It has to come for all of us, eventually. For most of my friends and
colleagues it has come before this. I’ve been lagging behind. I had no
great need to travel so I didn’t press the issue and when I needed to I took
the train, which seems to have become the preferred method of getting between
New York, Boston and D.C. [Everyone I know who has taken the shuttle since
it began running again has a tale to tell, often of being diverted because
someone forgot the new rules of the game and stood up during the time period
when you can’t do that, even if you’re desperate for a bathroom break.]

But, here I am, starting this week’s column on a 767 on my way from New York
to Los Angeles. At the end of the week I am privileged to be best man in a
friend’s wedding up in San Francisco so I built a necessary business trip
around that event so I didn’t need to make two trips in one month.

Last night, while packing, friends dropped over and we had some New York
white wine and sushi while I continued organizing myself. I had forgotten
the rhythms of packing and made a number of false moves. At one point I
remember staring in my closet thinking: Oh my God! I’m having to think. I
used to be able to pack on auto pilot. But not this time.

So we all sat around and ate our sushi and sipped our white wine and talked
about traveling these days. Tripp was smiling, quite satisfied with himself,
saying he doesn’t see any reason in the foreseeable future to get on a plane,
if ever again. He smilingly sees that this feeling might get worse the
longer he lets it goes on but for right now, thank you very much, there is no
reason. He’s back on the east coast and trains take him everywhere he wants
to go right now and if he doesn’t make a trip over to London this year, well,
too bad.

I smile back. What am I going to do? Each of us has to work our way through
this on our own at our own speed. September 11 was bad enough; the crash of
AA 587 was the deciding factor for many of my friends. It was too soon, too
close to home and pushed several of my nervous friends into confirmed
non-flyers.

Andrew and Cheryl, who are our dearest friends, nodded and shared how they
were afraid when they took a trip to England three weeks ago but they had
managed to do it. However, the conversation seemed to drift unpleasantly
toward the subject of flight horrors and I quietly remind everyone that I’d
appreciate a bit of sensitivity about my having to get up and face my first
flight since 9/11.

It went fine. There was, of course, a plastic knife, which I personally find
a little silly but that’s because I watched the episode of OZ where it was
demonstrated on how a plastic ballpoint pen can become a lethal instrument.
I have also decided I probably want to be on the first flight out anywhere
because the lines were great at 5:00 a.m. but got progressively more hellish
after that.

Someone asked to get off the flight after they shut the doors, which they did
and it didn’t bother me because I saw him, a pocket protector sort of guy,
balding, a nebbish whose traveling companion missed the flight and so he
wasn’t going to go. It didn’t bother me though the fifth announcement of
his reason for leaving wasn’t leaving me excited…

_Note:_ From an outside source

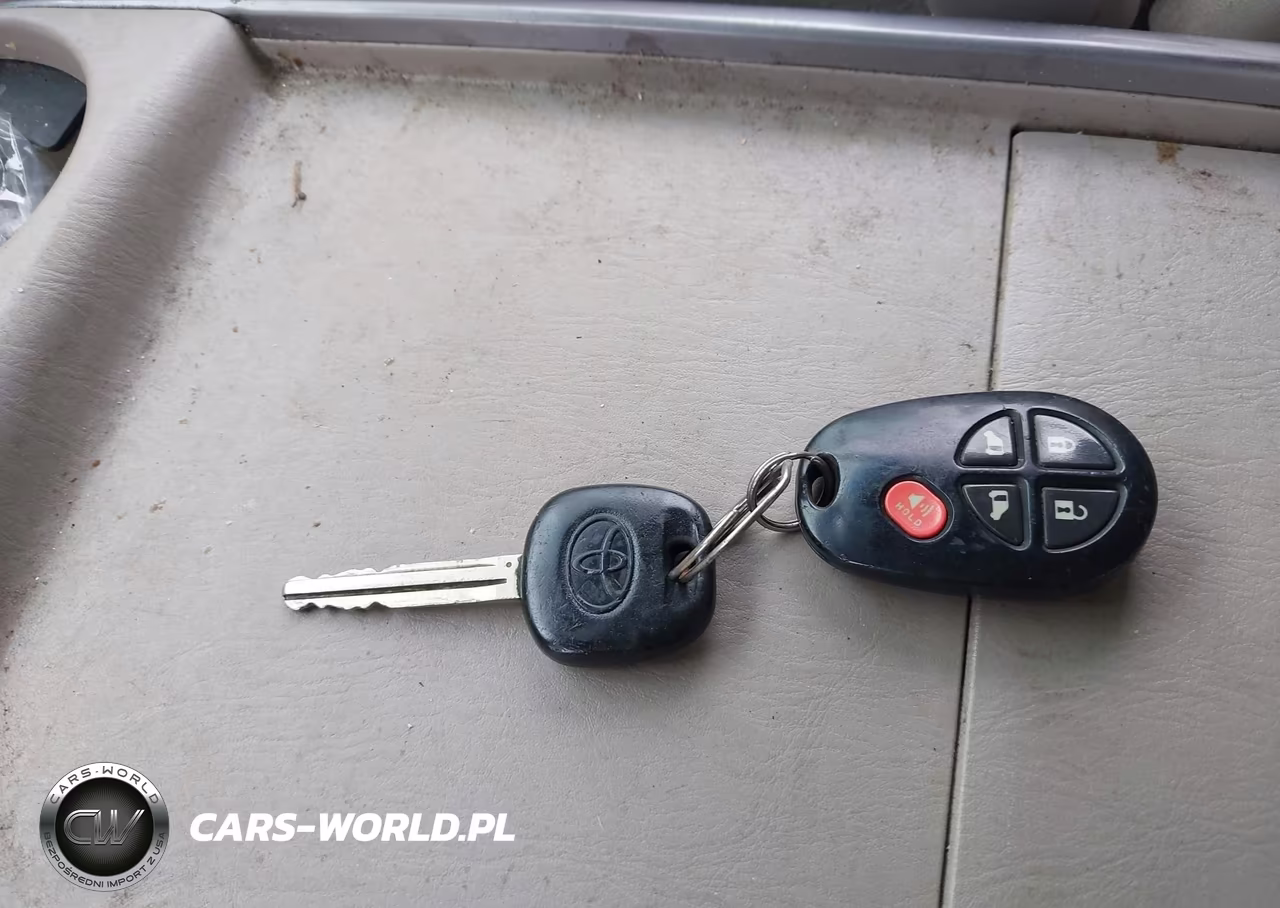 2010 Toyota Sienna Le VIN:5TDKK4CC2AS341480 - 11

Also, the jumpiness of the passengers around me was a bit more than I
remembered plus I had the pleasure of being seated next to a woman who
flapped her arms and requested the universe to "make it stop" every time the
plane hit a bit of turbulence [and, trust me, this was one of the smoothest
flights I’ve been on in years]. Around the ninth time she wanted it to stop,
I wanted to stop her but I smiled indulgently.

The biggest thing was the strange silence at the street level at LAX – no
private cars. It seemed deserted – and it was, compared with my memory –
and it was the single moment of the journey that made me realize how the
world was different.

And in that quiet I realized how much I missed the chaos and the freedom.

That sense grew over the week in Los Angeles. In a couple of places, I was
asked to show my identification almost as many times as I was at the airport.
I have had my trunk searched and had my body electronically wanded as I
walked onto a studio lot, having left my car on the street to save time.

There is a rhythm to security and I don’t know if I have found it yet in Los
Angeles. I have it in New York. I know how it works there because I’ve been
there as they have started it all. But I will be gone from Los Angeles
before I get the rhythm here.

It has felt so good to be in Los Angeles, to see friends, to stay with
friends, to drive Sunset Blvd., to do all the things I did when I lived here.
But what I was sadly aware of was that this city, thankfully physically
untouched by the events of September 11th, has not escaped psychologically.
There is more security, there is a certain tenseness that is in the streets
now and because I don’t live here I don’t know its rhythm, just as I don’t
yet know the rhythm of the security measures.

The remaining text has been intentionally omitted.